There are very few people still living who attended the Church on Broad Street. Brothers Worth McDougald (retired and living in Athens) and Don McDougald (retired and living in Montreat) grandsons of John McDougald, attended the Broad Street church as boys in the 30's. Their memories of the wooden frame building are bright and clear and they share them with us.

Worth describes the building as 'dark' - dark woodwork, dark floors, dark pews-one big window on the front of the church, smaller windows on the sides, colored glass in the windows. Seating for about 100-125 people. Three sections of pews with two aisles. An addition at the rear of the structure had about eight very tiny classrooms. To reach the Sunday School rooms, one entered the front door of the church - went past the pulpit on the left side and out a door, walked on a covered walkway to reach the classrooms, which all opened to the outside. There was nothing elaborate about the building and the classrooms were sparsely furnished. In cold weather, the building was heated by a wood stove. The teen-age boys tended the stove and brought in the wood. Don remembers one time when the fire got out and set fire to the floor. The boys ran outside and gathered up hands-full of sand from the unpaved street and ran back inside to throw the sand on the fire to put it out.

Don remembers his father, W.E McDougald, talking about the finances of the church. There was very little money in the 30's during the depression. In about 1927, the church had borrowed $1000 at 6% interest. The collections were so small in the 30's that they could afford to pay only the yearly interest of $60. When the church burned in 1940, they still owed that $1000.

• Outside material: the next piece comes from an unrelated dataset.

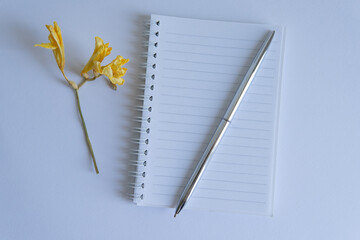 Wall Mural - notebook and pen with flowers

Both Worth and Don have vivid memories of the church members of those days. They both remember Miss Irene Arden who taught Sunday School. They said that her class room was the only one that was bright and colorful, with pictures and flowers decorating the room. They even remember exactly where she lived, and that she drove an old Model T Ford car to church and always parked it in the same place. Worth remembers that Miss Irene had a lovely operatic singing voice which reached well beyond the church walls when she sang with the choir.

Worth remembers that Colonel Albert Deal always sat in the same pew (on the right side near the back) and that he was often called upon to pray. His prayers were long, with petitions for every person and every cause. Being a lawyer, he chose his words carefully and there were sometimes long pauses in his prayers as he considered what he should say to the Lord. The boys sometimes thought he had fallen asleep - but he always continued.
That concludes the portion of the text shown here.